• [Your task] Transcribe the entries exactly. Start at the top, stop after the line with "Ühilduv toonerikassett Q6003A, 124A, 9422A004, CRG707, 2000", and omit every picture.

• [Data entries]
- - - - -

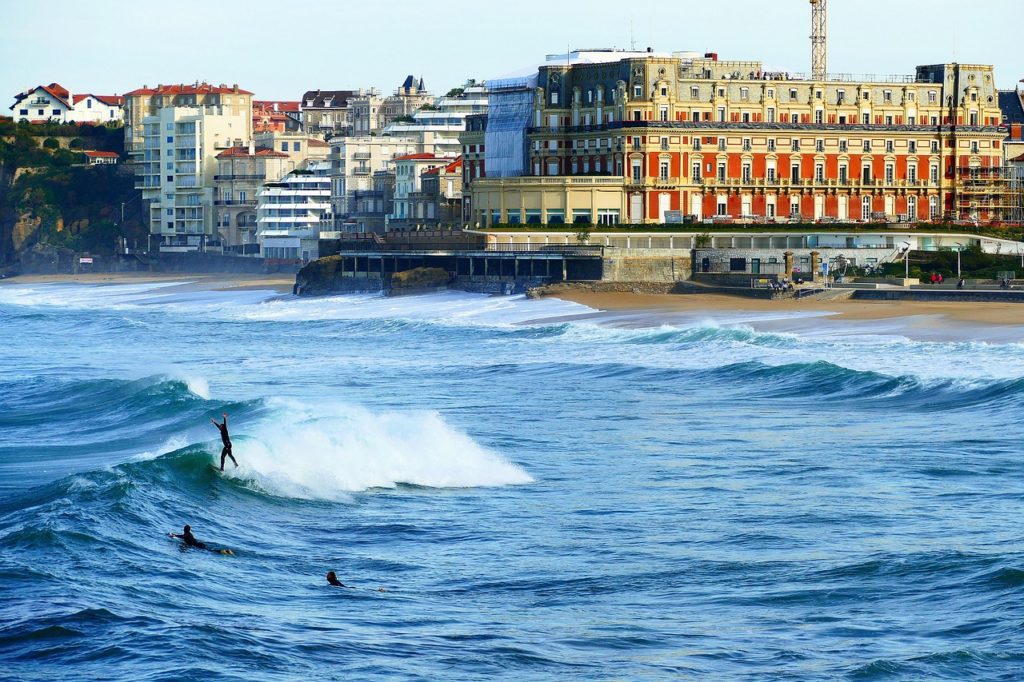 Location vacances Biarritz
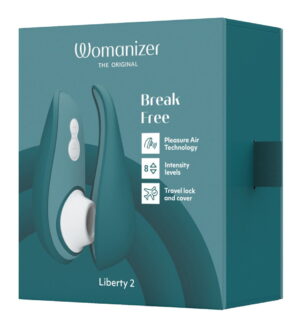 Womanizer Liberty 2 Petrol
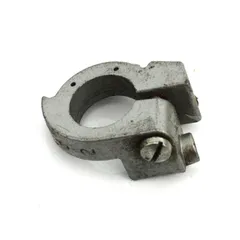 Schaltgehäuse Goebel Aluminium 8+8mm für Hercules, DKW, Rixe, Miele, Göricke, MG00991150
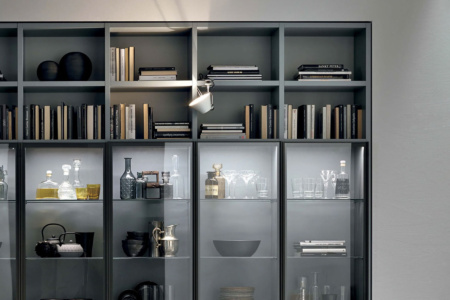 Atlante AT206 Bookcase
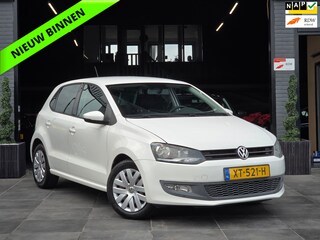 Volkswagen Polo 1.4-16V Trendline|Airco|El Pakket|Navi|APK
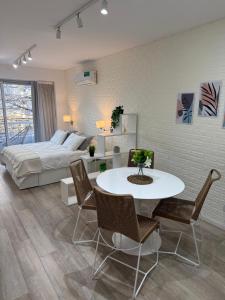 Vivi Palermo Hollywood Movistar Arena Embajadas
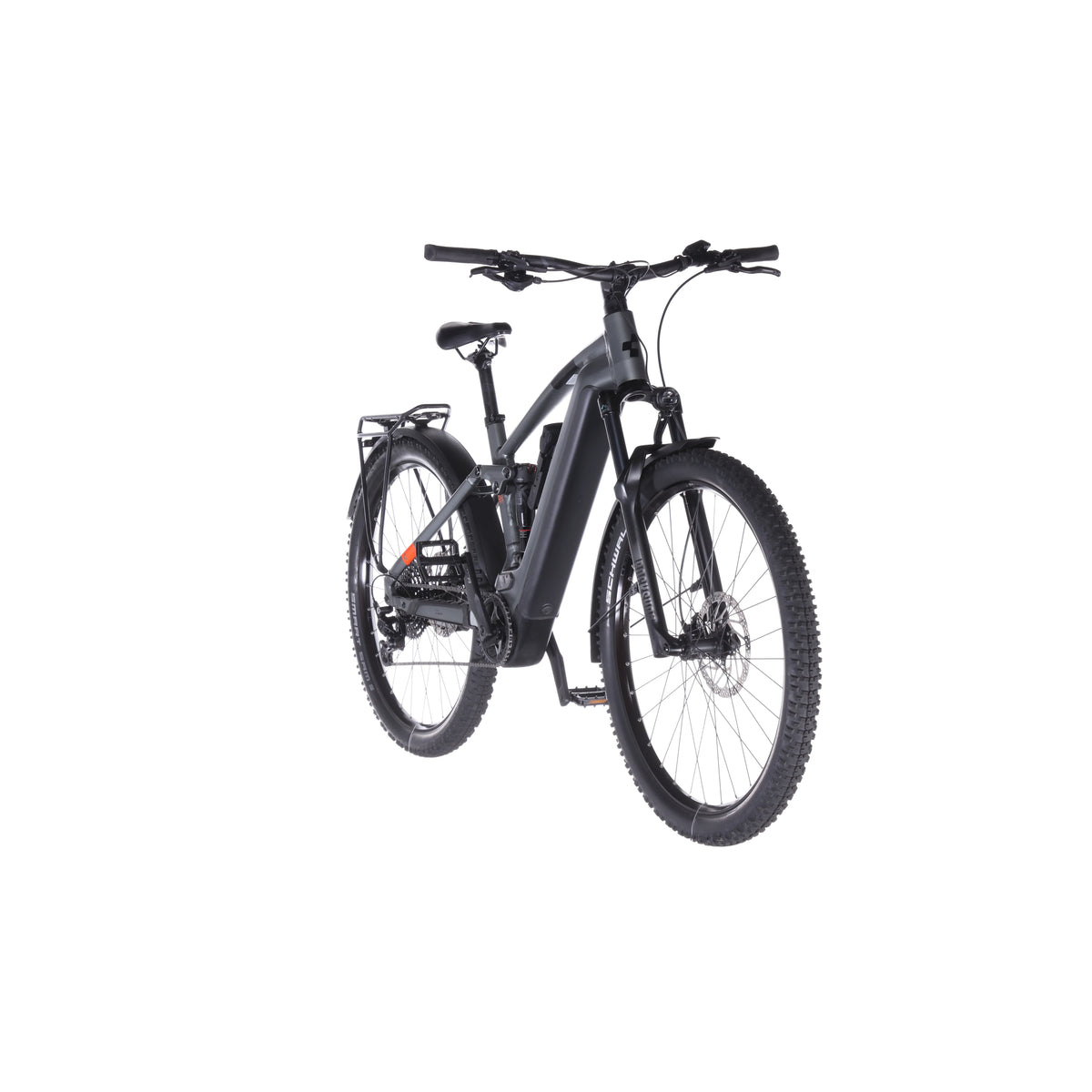 Stereo Hybrid 120 Pro Allroad 750 - 360° view angle 4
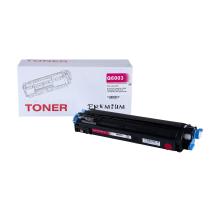 Ühilduv toonerikassett Q6003A, 124A, 9422A004, CRG707, 2000 lehekülge HP printeritele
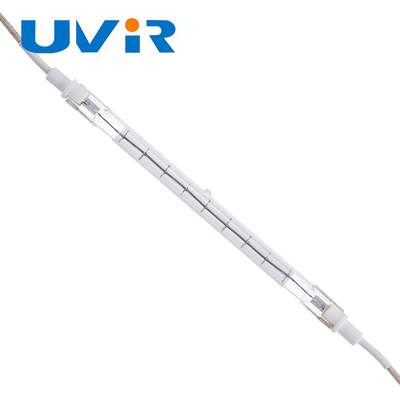 Good price لوله کوارتز RS 2500W لامپ های گرمایش مادون قرمز تابش IR برای خشک کردن رنگ آنلاین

- - - - -

• [Task response]
 Location vacances Biarritz
 Womanizer Liberty 2 Petrol
 Schaltgehäuse Goebel Aluminium 8+8mm für Hercules, DKW, Rixe, Miele, Göricke, MG00991150
 Atlante AT206 Bookcase
 Volkswagen Polo 1.4-16V Trendline|Airco|El Pakket|Navi|APK
 Vivi Palermo Hollywood Movistar Arena Embajadas
 Stereo Hybrid 120 Pro Allroad 750 - 360° view angle 4
 Ühilduv toonerikassett Q6003A, 124A, 9422A004, CRG707, 2000 lehekülge HP printeritele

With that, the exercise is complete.